The strategy wasn’t deployed horizontally
Strategy and the process of Hoshin Kanri fail inevitably when you don’t realise that you’ll need the full organisation behind your strategy and break through initiatives. If you can get things done through a single line up and down your company, it can be a great initiative, but it’s not necessarily a break through objectives probably. If things get hard and complex (like a BHAG – Big Hairy Audacious Goal), you’ll need all the brainpower, expertise and creativity in your organization. You’ll need every one to chip in. Engineering can’t deliver on innovation if HR doesn’t support with proper recruiting. Commercial teams can’t experiment with business models if Finance sticks to standard payement terms. As I’ve posted earlier around setting KPI’s, you will need alignment within the leadership team and between all departments on what is important and why.
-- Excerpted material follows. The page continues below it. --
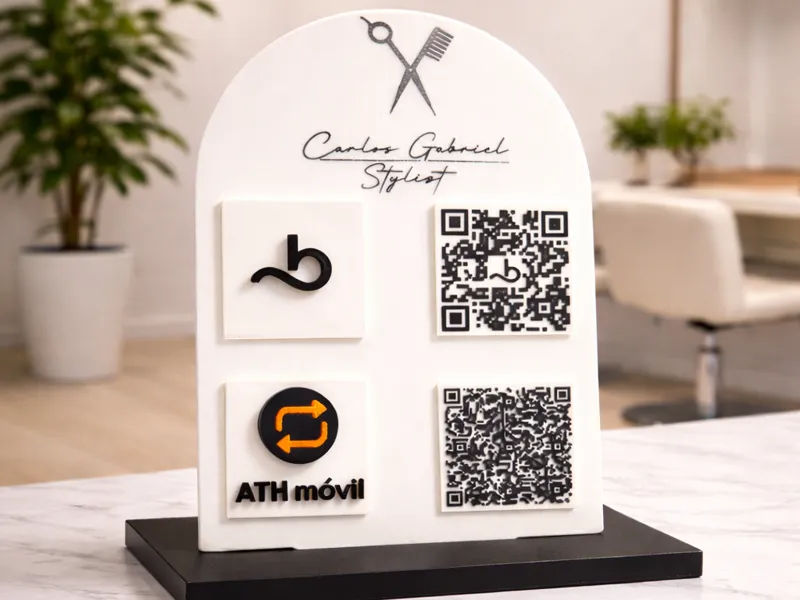 Customizable Business Plate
You can’t have different teams focus on different things or even work against each other. If I need support from a team I need to be sure I can ask it and can get it, because we share our KPIs and priorities. Period.
You didn’t support the organisation with proper change management and coaching.
Real strategic projects, true deployment or execution of a strategy typically involves a lot of change. Continuous Improvement, or Kaizen, is all about change. About finding new ways to do things. The result is almost always change. Small or big. Simple or breakthrough.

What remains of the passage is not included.